3.11. The Learned Principal Commissioner of Income Tax–3, Ludhiana passed an order u/s 263 (of Income Tax Act, 1961) dated 23.03.2017 by holding that the assessment order dated 30.03.2015 is erroneous in as much as prejudicial to the interest of Revenue and set aside the order to the file of the Assessing Officer for passing a fresh order in accordance with law in respect of the issue discussed regarding verification of genuineness of sundry creditors and also raised in show cause notice u/s 263 (of Income Tax Act, 1961) after giving sufficient opportunity of hearing to the appellant. The PCIT in paragraph 4 had concluded as under:-
“4. I have carefully considered assessee's submissions which are not acceptable on the issue that AO has excepted the submission made by the assessee without making any further enquiry whatsoever before accepting the returned income and before coming to the conclusion that assessee has not received any amount apart from his share in Rs.5.50crore. AO has simply relied upon whatever submissions have been made by the assessee. The AO should have made independent enquiries from Sh. Amarjit Singh Randhawa as well as from the purchasers of the property regarding the monetary consideration involved in sale/purchase of the property. Proper enquiries conducted would have been resulted into substantial long term capital gain instead of long term capital loss shown by the assessee and accepted by the AO. The AO has not enquired even from the assessee, the reasons for selling the property at a rate which would yield long term capital loss as a prudent person would not sell property, the property which would yield. But, even if it is the case, the reasons and genuineness of the reasons should have been examined. It is also pertinent to note that two cases were assessed at Chandigarh and 1/6 share of this amount was added back which is also confirmed by CIT(A). It further strengthen the view that the AO has not applied his mind and passed order without verifying the facts and without any investigation.
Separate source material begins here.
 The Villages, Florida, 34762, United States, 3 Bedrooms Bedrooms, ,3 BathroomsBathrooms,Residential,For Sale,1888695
Under the aforesaid circumstances, the order of the AO was erroneous, as held by the Hon'ble Supreme Court in the case Malabar Industrial company Ltd. Vs. CIT reported at 243 ITR 83 (SC). Further in the case of Gee Vee Enterprises Vs. Addl. CIT & Ors 99 ITR 375 (Del), the Hon'ble Delhi High Court have held in that not making an inquiry warranted on the facts of a case will make the assessment order erroneous. Similar view has been taken by the Hon'ble Madras High Court in the case of K.A. RamswamyChettiar&Anr Vs. CIT 220 ITR 657 (Mad.). Moreover, the facts of the case are squarely covered by Explanation 2 of Sec.263 (of Income Tax Act, 1961), which is inserted w.e.f. 01.06.2015. It reads as under:-
"For the purposes of this section, it is hereby declared that an order passed by the Assessing Officer shall be deemed to be erroneous in so far as it is prejudicial to the interests of the revenue, if, in the opinion of the principal Commissioner or Commissioner,
a) The order is passed without making inquiries or verification which should have been made;
b) The order is passed allowing any relief without inquiring into the claim;
c) The order has not been made in accordance with any order, direction or instruction issued by the Board under section J J9;or
d) The order has not been passed in accordance with any decision which is prejudicial to the assessee, rendered by the jurisdictional High Court or Supreme Court in the case of assessee or any other person."
In view of the aforesaid facts, the order of the AO is erroneous and prejudicial to the interest of the revenue as well.”
3.12. Feeling aggrieved by the order passed by the PCIT, the Assesse is in appeal before us on the grounds mentioned hereinabove.
4. Submission of Assesse:
4.1 The Ld. AR had submitted that the order passed by the Learned Assessing Officer cannot be termed to be erroneous in as much as prejudicial to the interest of the Revenue as the same was passed after making detailed enquiry as will be clear from bare reading of the assessment order.
4.2 The Learned Assessing Officer has discussed in detail the queries raised and replies furnished by the appellant and after due application of mind and also approval obtained from the Learned Joint Commissioner of Income Tax u/s 153B (of Income Tax Act, 1961), framed the assessment by accepting the return of the appellant.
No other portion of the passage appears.